Philip Weiser of Carlton International, an Antibes-based real estate agency with a portfolio of houses in the south of France, is slightly less optimistic. “The economic crisis in the U.S. has added to the difficulties that Americans have already been having from the plummeting value of the U.S. dollar over a considerable period. This devaluation had a negative effect on the purchasing power of potential American buyers well before the current ‘crisis’ was identified. There has been diminished interest in buying by Americans for over a year. The crisis has only echoed the pre-existing problem.”
“There is, however, continued interest from the very high-end American who is unaffected by the crisis, by virtue of his wealth or the nature of his business activity.”

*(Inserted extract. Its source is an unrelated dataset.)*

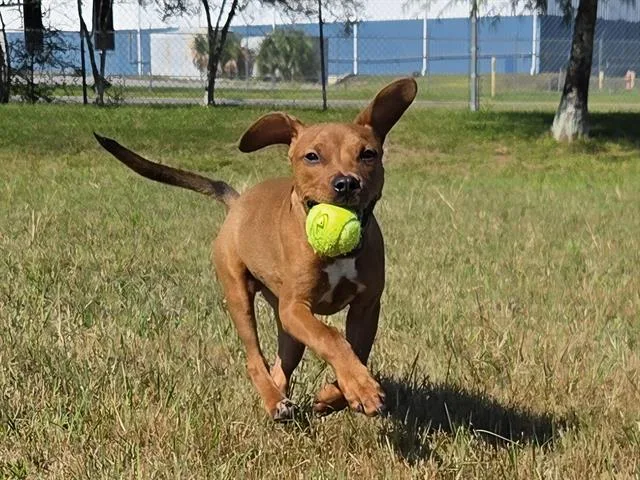 A young medium-sized male Terrier dog named Kratos for adoption in Panama City, FL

But David Kerns, manager of private client dealing at Money Corps, said that the dollar/euro exchange rate, which has been extremely volatile over the last 18 months, should stabilize once the government bailout plan gets underway.
“Today you will get $1.46 for every euro. Two years ago it was $1.25, so even better-but it has gone as high as $1.60 in recent months, so in comparison to then, now is a good time for Americans to be buying European property if you have the ready cash and don’t need to get credit from a bank.
The general sentiment, he says, is that the U.S. dollar will return now that the U.S. government has agreed to rescue the banks. That should lead to a decline in the value of the euro against the dollar.
He adds: “For the cash rich, it’s a great time to buy, as they will be able to pick up bargains. We are seeing a worldwide correction in the housing markets, and sellers are likely to crop prices as they are becoming realistic.”
But obviously the eventual direction of the dollar is still unknown. And until there is more certainty in the financial markets around the globe, potential investors in France might be wise to play the waiting game a little longer.
“Sales for VEF have definitely been adversely affected and we are currently some 35 percent down on anticipated sales for the year,” admits Mason. “But September has been one of the best months of the year, so we all ask ‘is there finally a return to the market?’ “
“In truth, our buyers have not generally been affected financially by the credit crunch. The reluctance to buy this year has been caused by what is happening in their heads rather than with their bank account.”